#### Aim of the exercise
This exercise calls for retyping every line below exactly, with the images omitted.

#### Source material
•••••

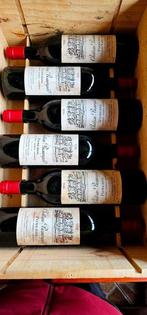 1988 Château Beauregard - Pomerol - 12 Flessen (0.75 liter), Nieuw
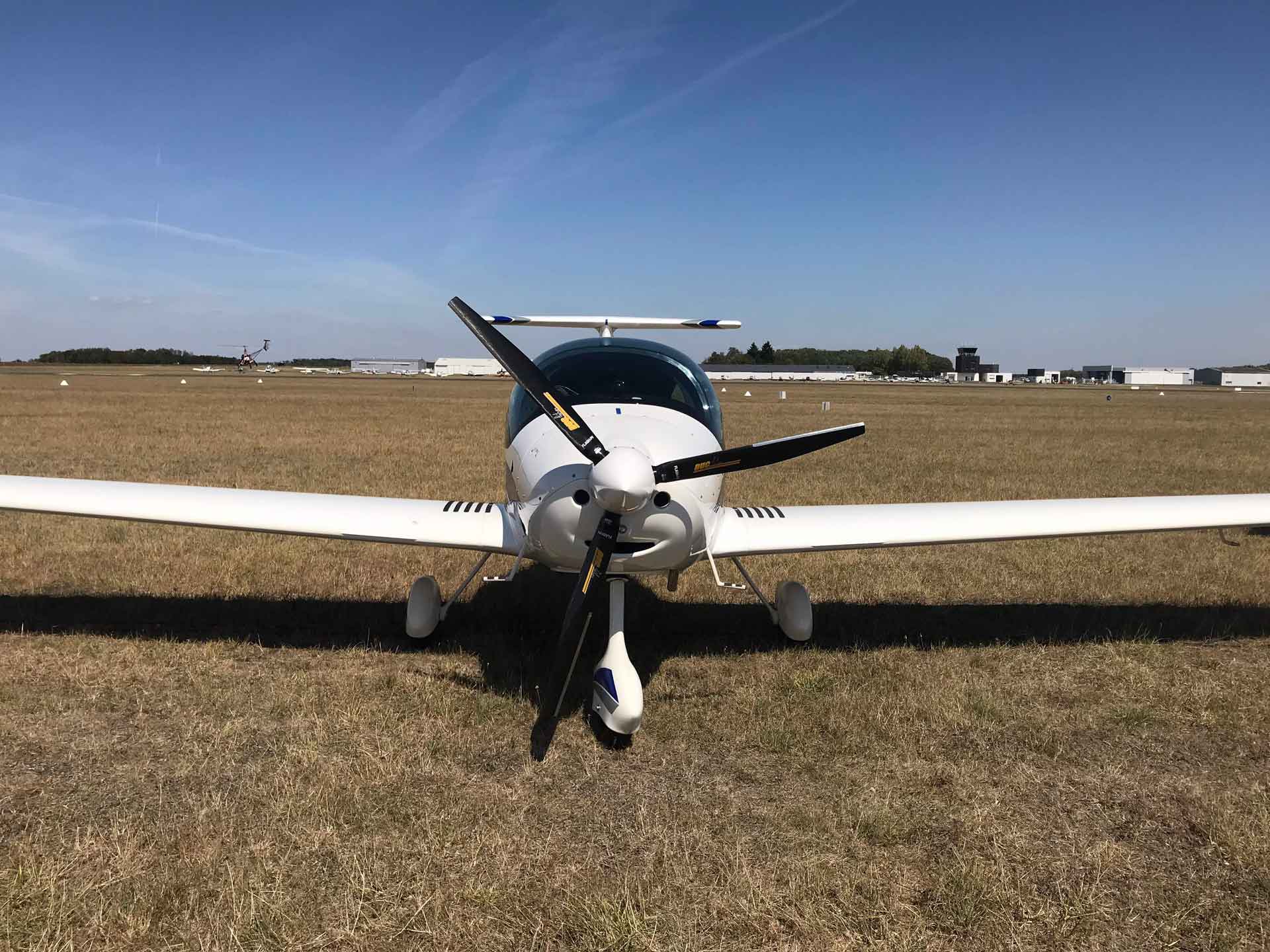 Un 2011 ATEC AIRCRAFT Faeta en occasion disponible immédiatement ! ATA by Pelletier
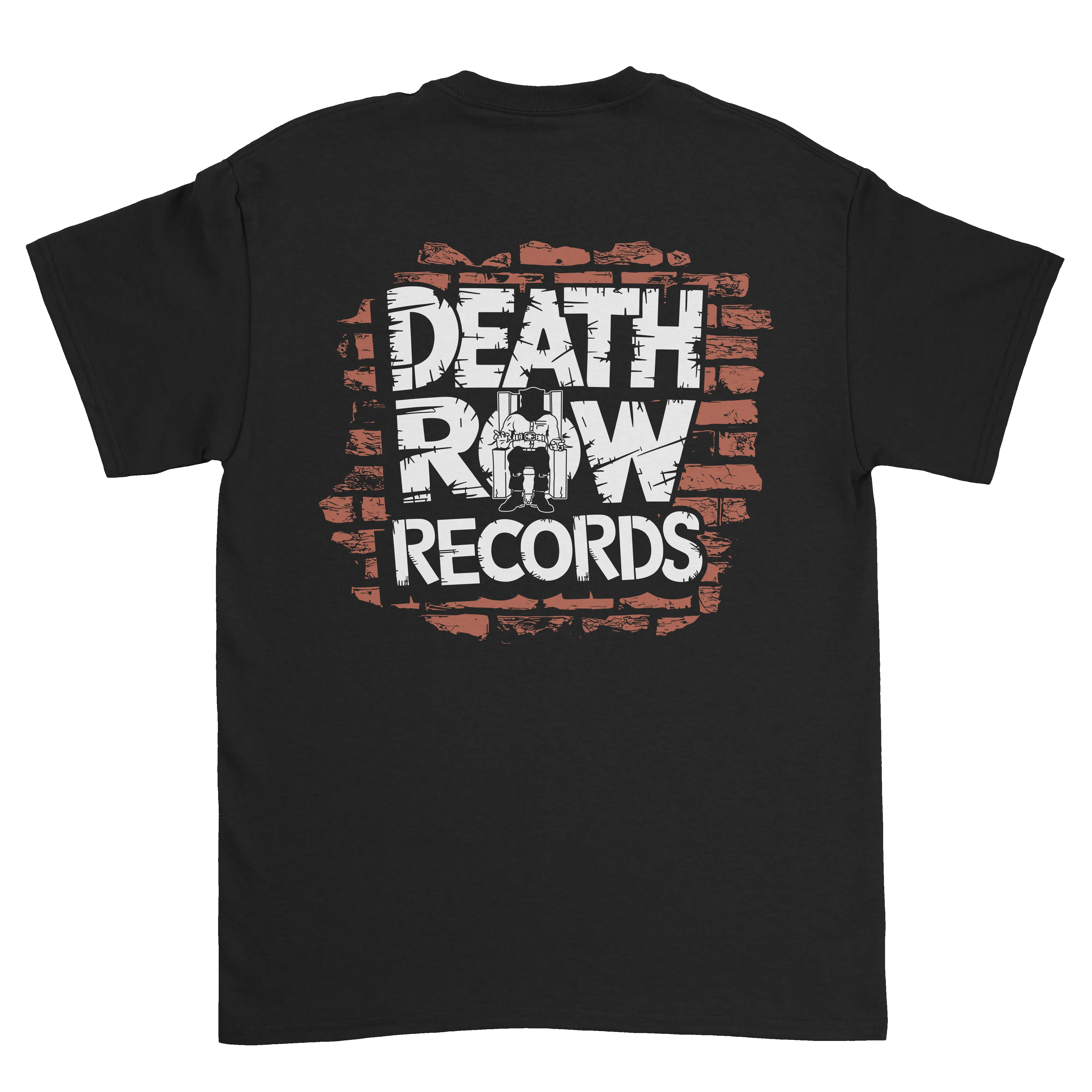 Brickwall Tee sold by Crooks & Castles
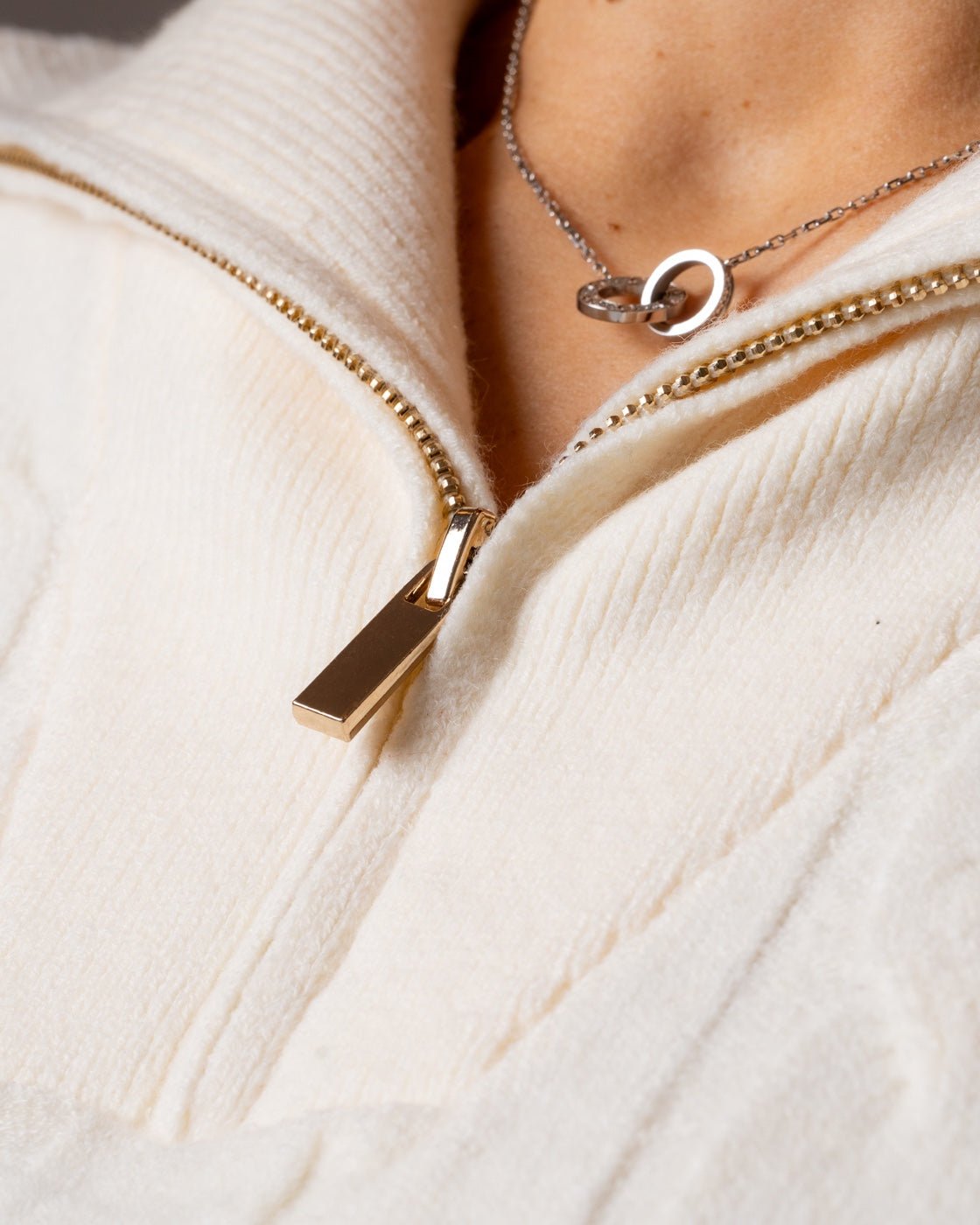 The Monaco Knit - NORTHLINE LABEL AS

•••••

#### Answer below
 1988 Château Beauregard - Pomerol - 12 Flessen (0.75 liter), Nieuw
 Un 2011 ATEC AIRCRAFT Faeta en occasion disponible immédiatement ! ATA by Pelletier
 Brickwall Tee sold by Crooks & Castles
 The Monaco Knit - NORTHLINE LABEL AS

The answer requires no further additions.